Un timore che da sempre attanaglia i nostri produttori e registi, i quali, rarissimi casi a parte, quando c’è da andare in campo, non sono mai riusciti a cogliere la vera essenza dello sport nazionale, ovvero il calcio.
Il primo dimenticabile tentativo risale alla fine degli anni ’40 con il misconosciuto “Undici uomini e un pallone”, cui fanno seguito una decade dopo "
Gambe d'oro" (con special guest il mitico
Totò) e “Gli eroi della domenica”, passato non proprio in sordina per la presenza del plurivittorioso c.t. della nazionale Vittorio Pozzo e alcuni giocatori del Milan.
Nel 1970 l’indimenticato
Alberto Sordi è protagonista de "
Il presidente del Borgoroso Footbal Club", pellicola sopravvalutata e forse acclamata più per la fame nazionalpopolare di pellicole sull’argomento.
Risale agli anni ’80 una dei migliori film mai realizzati da queste parti,
Pupi Avati coadiuvato da un grande
Ugo Tognazzi fa centro con "
Ultimo minuto", malinconico ritratto di un presidente che si sporca le mani e si rovina la vita per ottenere il successo.
Da quel momento qualcuno comincia a pensare che non sarebbe male buttarla in farsa, ed ecco allora apparire sugli schermi "
L'arbitro" con
Lando Buzzanca, buon successo di pubblico e discreto di critica.
La massa viene così attratta da filmetti comici senza troppe pretese, in cui la demitizzazione del sacro rito domenicale diventa fenomeno di costume per raccontare di allenatori, calciatori e dirigenti con storie spesso al limite della demenzialità.
Precursori del genere due esperti della parodia, ovvero
Franco Franchi e
Ciccio Ingrassia con "
I due maghi del pallone".
Assurge a vero cult della categoria "
L'allenatore nel pallone" con
Lino Banfi, cui aveva fatto da apripista un paio di anni prima l’altrettanto celebre "
Eccezzziunale...veramente" con
Diego Abatantuono, entrambi oggetto negli anni 2000 di seguiti francamente penosi.
E’ soprattutto negli anni ’80 che pallone di cuoio e risate grossolane vanno a braccetto: "
Paulo Roberto Cotechino-Centravanti di sfondamento", "
Mezzo destro, mezzo sinistro: due calciatori senza pallone" e "
Il tifoso, l'arbitro e il calciatore" ,sono solo i più famosi esempi di pellicole in cui la cornice sportiva è spesso solo pretesto per metter sul piatto battute grevi e torridi nudi delle starlette di turno.
Dopo Avati qualche tentativo di unire la denuncia sociale e pratica sportiva si è intravisto nuovamente sul finire degli anni ’80, con risultati però dimenticabili.

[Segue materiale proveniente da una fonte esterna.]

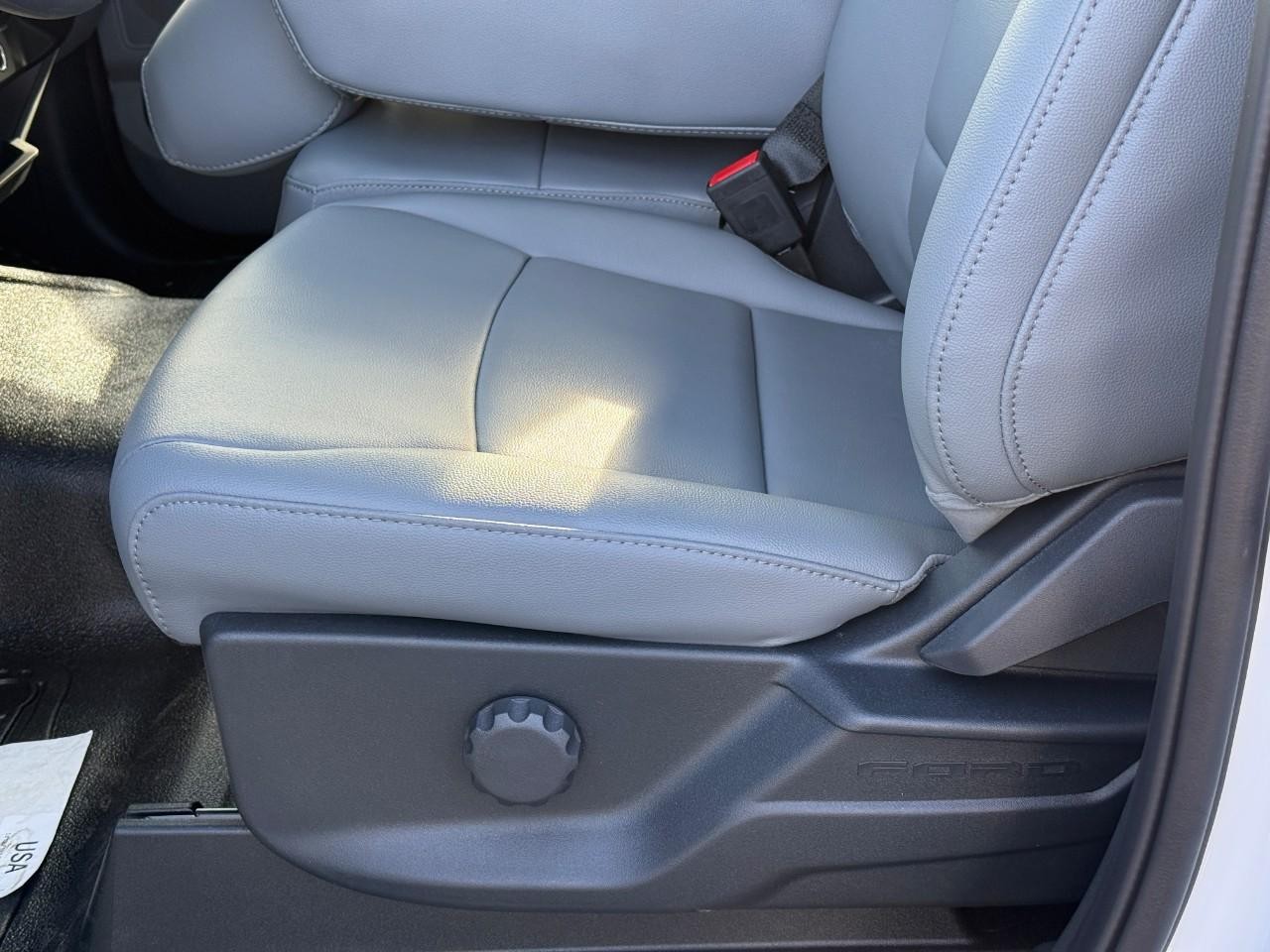 Ford Super Duty F-350 SRW Vehicle Full-screen Gallery Image 08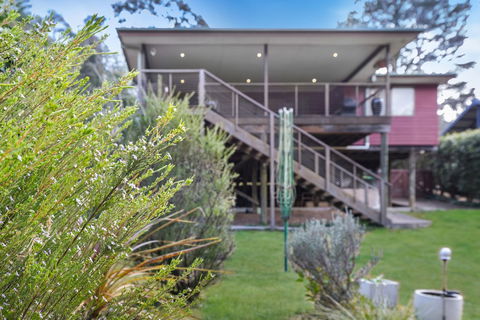 Baileys Retreat - Whitsundays Accommodation 1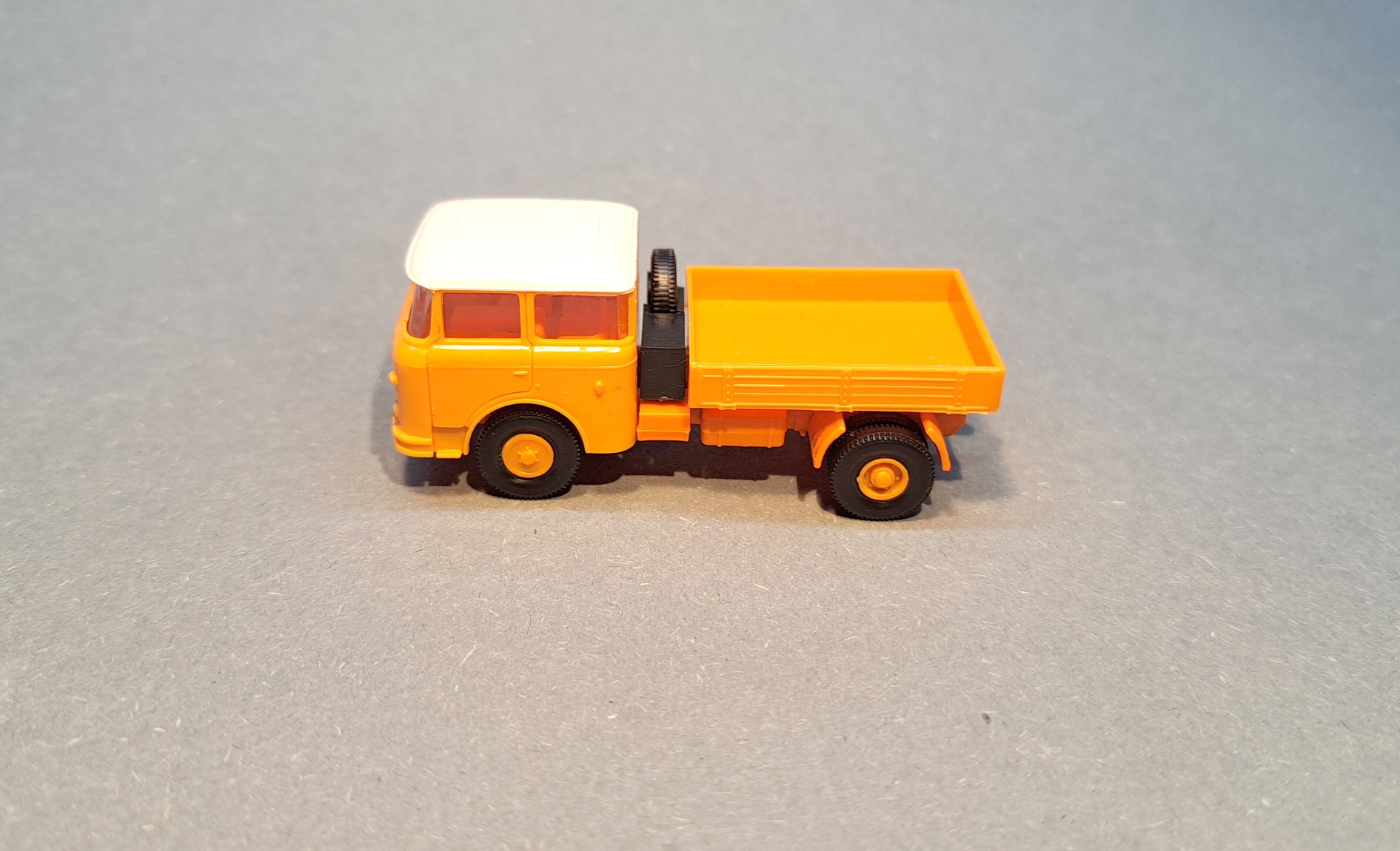 * Škoda 706 - valník - 1:87      č.7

Impossibile non citare lo scult con
Nino D'Angelo avverso alla camorra ne "
Quel ragazzo della curva B".
Non mancano le peripezie dei supporter ad offrire parecchio materiale, "
Ultrà" resta l’esempio più interessante, mentre "
Tifosi" si ricollega al filone demenziale.
Negli ultimi anni il calcio sul grande schermo ha seguito il decadentismo cui il cinema popolare è stato soggetto, con filmacci di incredibile pochezza tipo "
Piede di Dio", "
4-4-2 Il gioco più bello del mondo", "
Ultimo stadio" o "
Tutti all'attacco", pellicole in alcuni casi dirette da registi poco conosciuti e con cast formati da gente che sguazza nel mondo del cinema e della tv senza aver mai mostrato alcun talento.
Singolare notare come la cinematografia italica non abbia mai saputo generare un vero e proprio capolavoro su un argomento vissuto così visceralmente da moltissimi, oggetto di infiniti dibattiti e da sempre in grado di affascinare qualsiasi ceto sociale.
Infine menzione a parte merita "
L'uomo in più" di
Sorrentino con il sempre maiuscolo
Toni Servillo, che pur non polarizzandosi esclusivamente sugli aspetti agonistici riesce per la prima volta a raccontare le dinamiche più spietate di un mondo fino ad allora trattato con poco coraggio e obiettività.